In 1999 William Grimes, food-critic of The New York Times, wrote that Cornwall ‘probably suffers more bad food per square mile than anywhere else in the civilised world’, adding that most pasties would be better employed as doorstops. The subsequent furore in Cornwall spawned many newspaper column inches and angry words from good pasty-makers like Ann Muller of Lizard Town. So the Cornish remain true to their staple and support the old rhyme:
Good luck to all the Cornish boys
That never yet was beaten;
A pasty may they never want
Nor stomachs for to ait ’n.
Drink a cup of sweet tea an hour after the pasty is eaten and there will be no danger of indigestion.
Apart from pasties, though, Cornwall was remarkable for the variety of its pies. A cottage in St Merryn, near Padstow, was held for many years on the rent of a pie filled with limpets, figs and sweet herbs, an apparently-delectable concoction. Compared with fish, meat was a rarity in Cornish pies until fairly recent years, but ‘nothing was too big or too small, too tough or too greasy’ to provide the ingredients. Pilchards were used, mackerel, conger and bream; strictly vegetable pies contained potatoes and leeks. The less common meat fillings, usually of lamb or pork and offal, satisfied many a hungry miner; giblets were used regularly, together with ‘nattlin’ (the entrails of sheep or calves) and ‘muggety’ (pigs), usually seasoned with parsley, pepper and salt. ‘Taddago’ pies were made from prematurely-born sucking-pigs, or ‘veers’, and ‘lammy’ pies from stillborn lambs. One of the strangest pies, however, contained the ubiquitous pilchard: it was wasteful to cover the inedible fish-heads with pastry and, as the rich oil would be lost if the heads were cut off, it was better to cook the fish whole, thus enabling the oil to drain back into the flesh. So the pie was cooked with the fish-heads poking through the pastry, hence the name ‘starrygazy’. This somewhat grotesque dish is still cooked in Cornwall, notably at Mousehole on Tom Bawcock’s Eve, as we shall see later; it is usually served with a sauce of sour cream. When pilchards are pressed in bulk, incidentally, a squeaky noise is made by the air-bladders bursting: this is said to result from the fish ‘crying for more’ and another full net will be the outcome.

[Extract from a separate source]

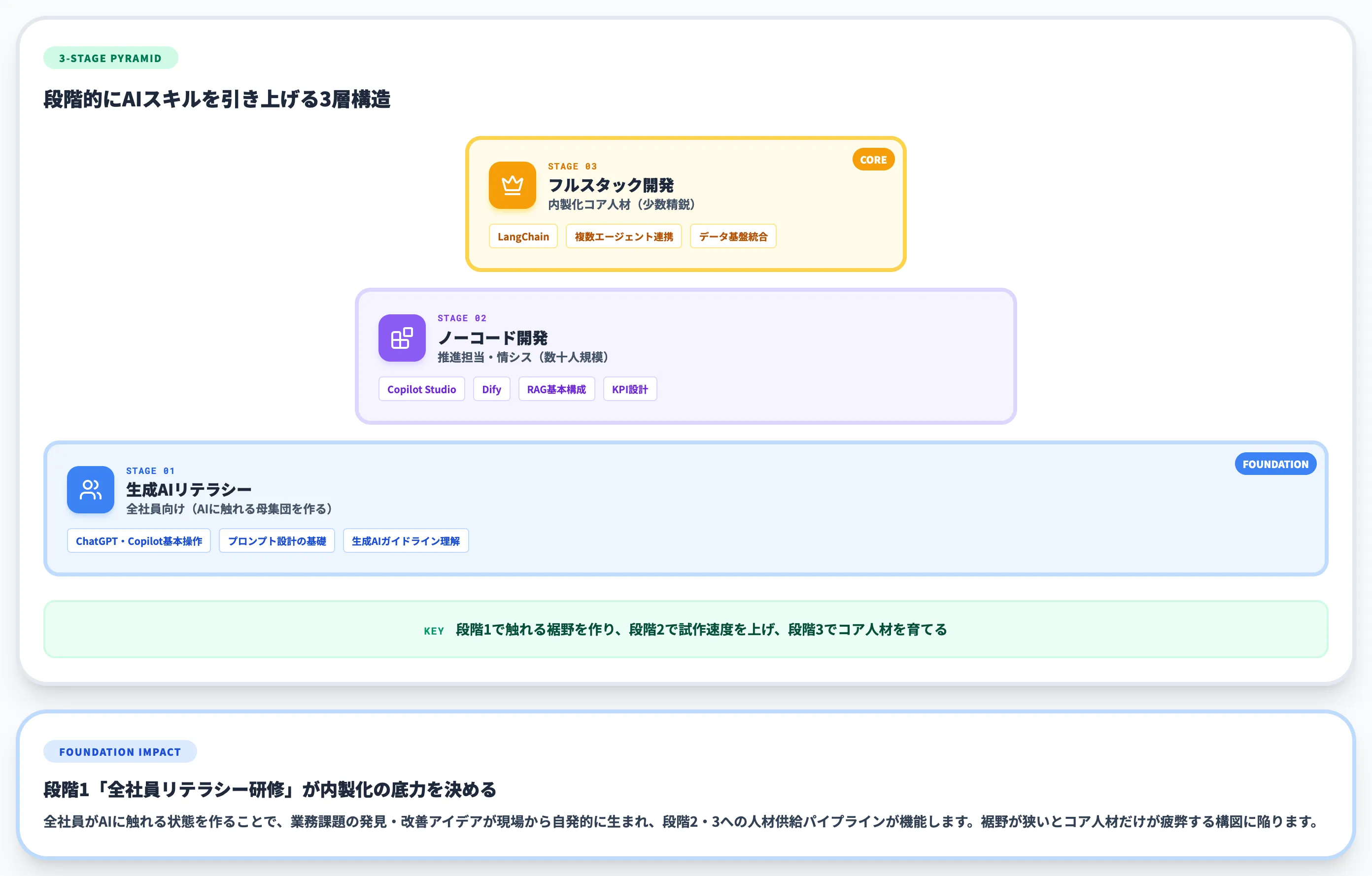 社内人材の育成ステップ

Desserts, when included, were as practical as the main courses. Saffron cake, which should only be eaten indoors, remains a Cornish speciality and was, it is said, introduced by the Phoenicians in exchange for tin. Here is a typical recipe:
41/2lbs flour
1/2lb sugar
6oz mixed peel
1/2 nutmeg
2lbs currants
2oz yeast
11/2lbs butter and lard
milk
1/2oz saffron
salt
Well mix dry ingredients, put in yeast, leave till light and bake for 11/2 hours.
‘Figgy obbin’, a currant pudding, was another popular food, nicely described in this rhyme:
Roly-poly in the bag, pudden’ in the basin,
If you’d a’been where I have been you’d surely look to taste ‘n.
Possibly the most widespread Cornish sweet, though, was ‘fuggan’, or ‘heavy cake’, a rich confection made with two cups of flour, 2oz of fat, a handful of currants and a pinch of salt; these ingredients were then mixed with sour milk and rolled into an inch-thick oval shape. The cake was always scored with a knife, criss-cross, and baked for half-an-hour before serving, often accompanied by sloe gin or parsnip wine.